A Deep-Learning-Based Health Indicator Constructor Using Kullback-Leibler Divergence for Predicting the Remaining Useful Life of Concrete Structures.

This paper proposes a new technique for the construction of a concrete-beam health indicator based on the Kullback-Leibler divergence (KLD) and deep learning. Health indicator (HI) construction is a vital part of remaining useful lifetime (RUL) approaches for monitoring the health of concrete structures. Through the construction of a HI, the deterioration process can be processed and portrayed so that it can be forwarded to a prediction module for RUL prognosis. The degradation progression and failure can be identified by predicting the RUL based on the situation of the current specimen; as a result, maintenance can be planned to reduce safety risks, reduce financial costs, and prolong the specimen's useful lifetime. The portrayal of deterioration through HI construction from raw acoustic emission (AE) data is performed using a deep neural network (DNN), whose parameters are obtained by pretraining and fine tuning using a stack autoencoder (SAE). Kullback-Leibler divergence, which is calculated between a reference normal-conditioned signal and a current unknown signal, was used to represent the deterioration process of concrete structures, which has not been investigated for the concrete beams so far. The DNN-based constructor then learns to generate HI from raw data with KLD values as the training label.
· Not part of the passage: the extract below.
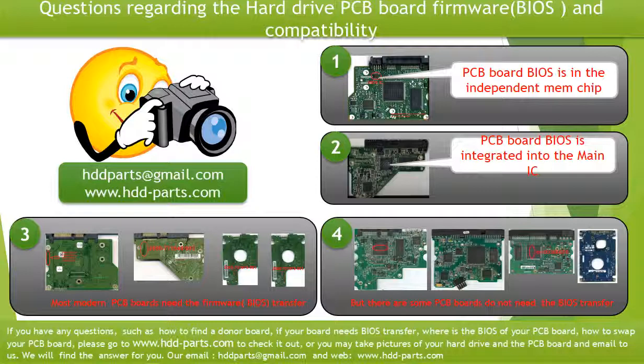We receive many questions regarding the hard drive PCB board firmware, also called hard drive PCB board BIOS, and the hard drive PCB board compatibility. So let's talk a little bit more about this in general. Some PCB board BIOS are in the independent memory chip, like the first picture shows. Most modern hard drive PCB boards need to do the BIOS transfer before swapping the PCB board, even when the donor boards are identical with the original boards in hardware. We have to transfer the BIOS from the original board to the donor board so the donor board can work on the original hard drive.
The HI construction result was evaluated with run-to-fail test data of concrete specimens with two measurements: fitness analysis of the construction result and RUL prognosis. The results confirm the reliability of KLD in portraying the deterioration process, showing a large improvement in comparison to other methods. In addition, this method requires no adept knowledge of the nature of the AE or the system fault, which is more favorable than model-based approaches where this level of expertise is compulsory. Furthermore, AE offers in-service monitoring, allowing the RUL prognosis task to be performed without disrupting the specimen's work.